In O’Brien’s Response Management, L.L.C.; National Response Corporation v. BP Exploration & Production, Incorporated; BP America Production Company v. Navigators Insurance Company, Third Party, No. 20-30364, United States Court of Appeals, Fifth Circuit (January 19, 2022) the Fifth Circuit resolved the dispute.
BACKGROUND
BP retained the Responders for nearly $2 billion to assist with cleanup efforts in the aftermath of the April 2010 Deepwater Horizon oil spill. BP and O’Brien’s executed a Bridge Agreement in 2010 that incorporated, with modifications, a Master Consulting Services Contract they originally entered into in 2004 (the “BP-O’Brien’s Contract”).
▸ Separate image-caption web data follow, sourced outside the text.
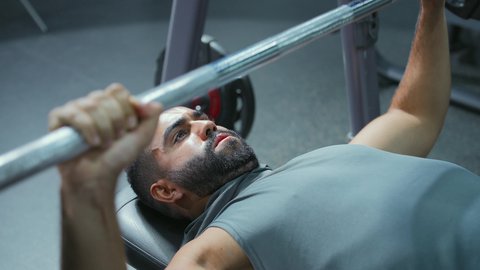 إيماءات القوة والثقة، الاهتمام بالصحة واللياقة الجسدية، رياضة كمال الأجسام، استخدام الاثقال الرياضية،  شاب عربي خليجي سعودي يرتدي الزي الرياضي يقوم بممارسة تمارين رفع الأوزان، تقوية الأعصاب والعضلات، أسلوب حياة صحي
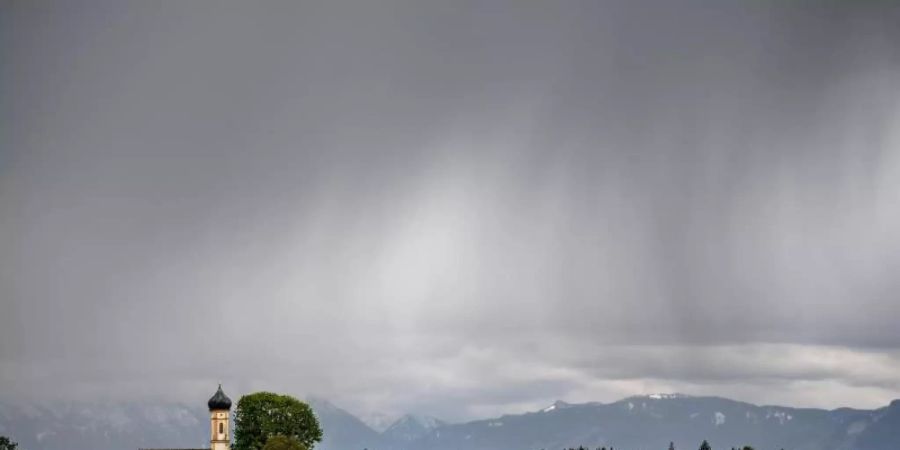 Dunkle Regenwolken ziehen über die Kirche St. Johannes der Täufer im bayrischen Rainsting. Foto: Sina Schuldt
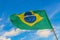 Brazilian flag with blue sky background Rio de Janeiro Brazil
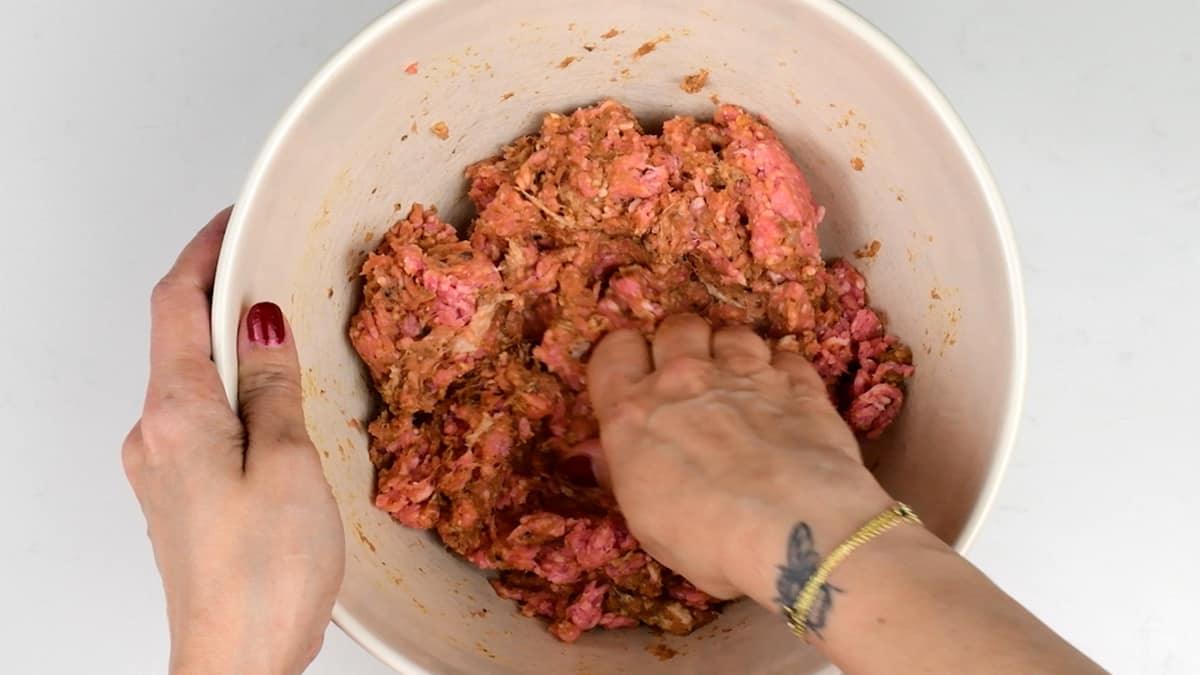 mixing lamb doner ingredients together in a bowl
The Responders and their respective subcontractors employed thousands of workers as part of their clean-up efforts. Thousands among these workers then filed personal injury lawsuits against BP, which were consolidated with the multidistrict litigation (“MDL”) arising from the disaster. The district court organized the MDL cases into various “pleading bundles.”
Relevant here, the B3 bundle included “all claims for personal injury and/or medical monitoring for exposure or other injury occurring after the explosion and fire of April 20, 2010.” Although BP emphasizes that the Responders were aware of the settlement before the district court approved it in January 2013, BP does not dispute that neither O’Brien’s nor NRC had control over the negotiations, nor did either approve the settlement.
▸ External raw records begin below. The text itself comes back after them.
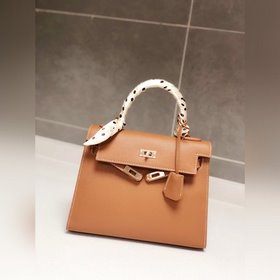 Hermès Kelly 25 см, 28 см, кожа с отпечатками ладоней, золотая за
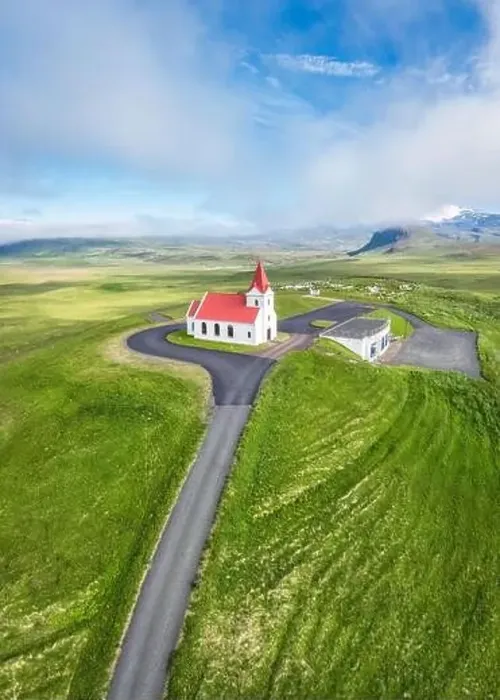 Framed Print : Aerial view of beautiful holy Ingjaldsholskirkja church on hill among the meadow Framed Print : Aerial view of beautiful holy Ingjaldsholskirkja church on hill among the meadow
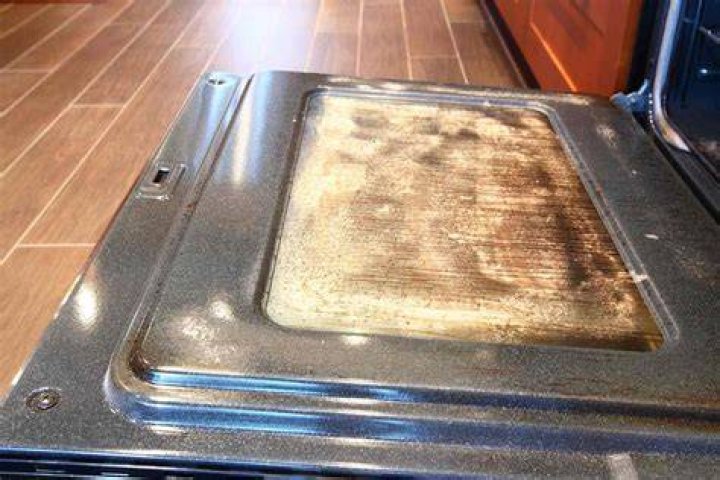 How do I get brown stains off my glass oven door?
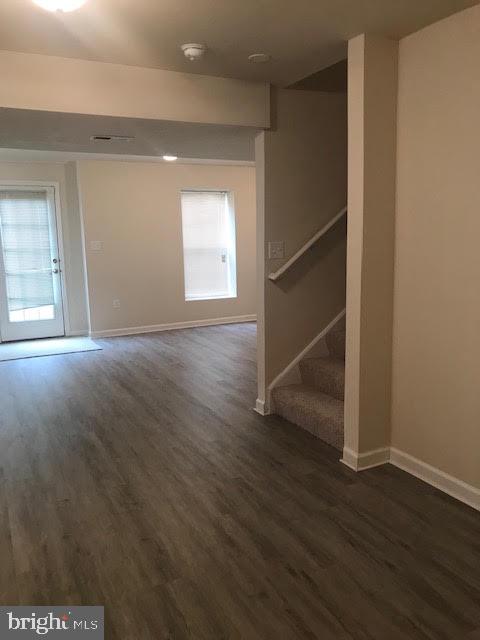 2025 Germander Way Woodbridge, VA 22192 - Photo 33 of 39 an empty room with wooden floor and windows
O’Brien’s is a named insured on two pertinent policies: (1) a Primary Bumbershoot (umbrella) Liability policy issued by Navigators Insurance Company (the “Primary Bumbershoot” policy) providing marine umbrella insurance with an aggregate limit of $10, 000, 000; and (2) an Excess Bumbershoot Liability policy (the “First Excess Bumbershoot” policy) issued by Navigators and other insurers, which incorporates the Primary Bumbershoot’s policy terms and provides excess coverage up to $90,000,000.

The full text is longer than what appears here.